Позади толпы, чуть в стороне стоял, опершись о стену разрушенного здания, паренек лет шестнадцати, черноволосый, худощавый, в спортивной куртке. Малецкий хорошо знал его в лицо. Это был его сосед по Белянам Влодек Карский. Он жил вместе с матерью и маленькой сестренкой в одном доме с Малецким. Отец Влодека, майор, находился в немецком плену. Карские жили этажом выше, и юный Карский в представлении Малецкого был сорванцом, склонным ко всякого рода дурачествам; он приваживал к себе кучу товарищей, стучал на лестнице и в квартире подкованными башмаками. Но сейчас, когда он стоял здесь, побледневший, гневно сдвинув брови, Влодек выглядел неожиданно взрослым. Только губы его совсем еще по-детски сморщила жалостливая гримаса.
Собравшийся народ мог вдоволь насмотреться на свисающий из окна труп. Однако женщина с редиской и шпинатом так ничего и не углядела.
— Где, где? — лихорадочно спрашивала она, щуря близорукие глаза.
— Протри свои глаза, авось увидишь, — разозлился наконец кто-то.
В толпе послышался смех. Малецкий подошел к Ирене, взял ее под руку.
— Пошли, Ирена!
В эту минуту выстрелы прогремели ближе, и толпа стала рассеиваться. Ирена наконец позволила Малецкому увлечь себя дальше по Францисканской. Однако она то и дело оглядывалась.
— Не смотри туда! — проворчал он раздраженно.
Они молча шли по узкому тротуару. Вокруг них была толкотня и шум. Со стороны Старого Мяста напирали все новые и новые толпы любопытных, жаждущих увидеть сражение. Канонада между тем набрала силы. Эхо выстрелов гулко разбивалось о стены тесно поставленных домов. С крыш, с балконов, из оконных ниш срывались стайки голубей и вспархивали над улицей. Два подростка гоняли по тротуару на самокатах. Небо было хмурое. Погода стояла ветреная и холодная — весна.

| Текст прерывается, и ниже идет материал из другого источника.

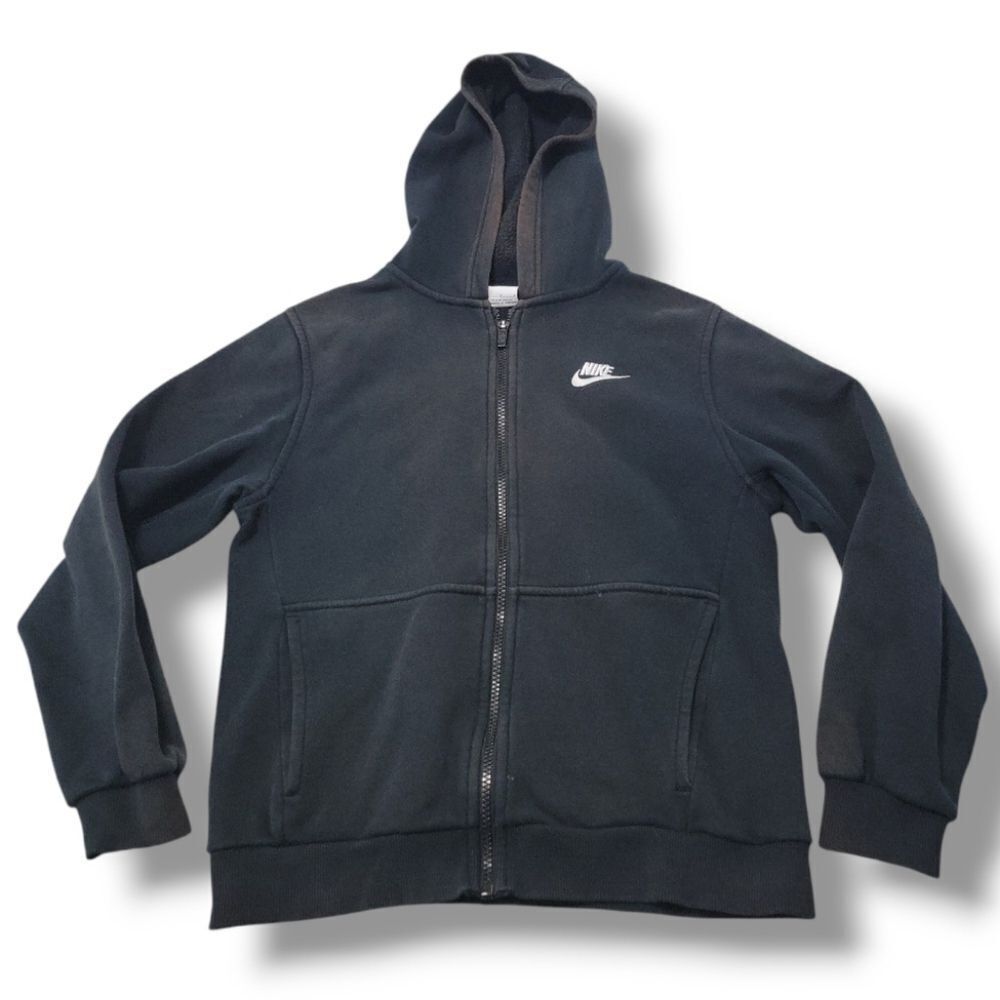 Nike Sweatshirt Size Large Full Zip Up Hooded Sweatshirt Embroidered Logo Faded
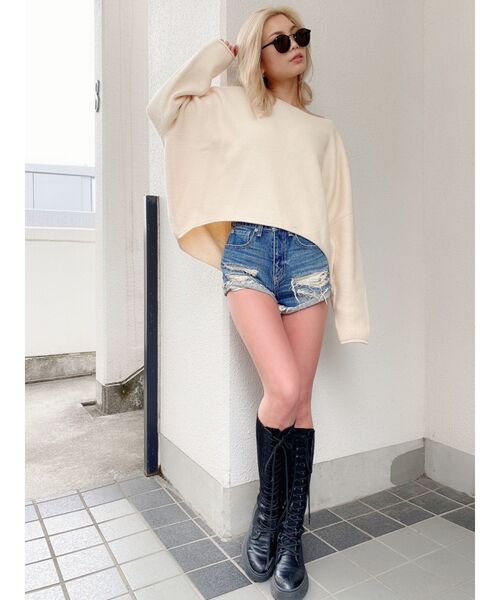 GYDA（ジェイダ）の「カラーグラフィックニット TOPS（ニット/セーター・レディース・アイボリー/ピンク/ミント/ベージュ/マスタード/ブラウン・FREE）」の14枚目の写真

В конце Францисканской, ближе к костелу Францисканцев, около улицы Фрета, Ирена остановилась.
— Где мы? И зачем я, собственно, сюда иду?
— Как это зачем? — удивился Малецкий. — Поедешь к нам.
И тут же спросил:
— Ты, верно, не знаешь, что я женился?
— Знаю, — коротко ответила она.
— От Фели Пташицкой?
— Да.
Они стояли у перекрестка Францисканской и Фрета, возле лотка с калужницами и букетиками первоцвета. На обеих улицах было много народу. Сумятица, толчея совершенно изменили облик этого тихого и спокойного, старого квартала.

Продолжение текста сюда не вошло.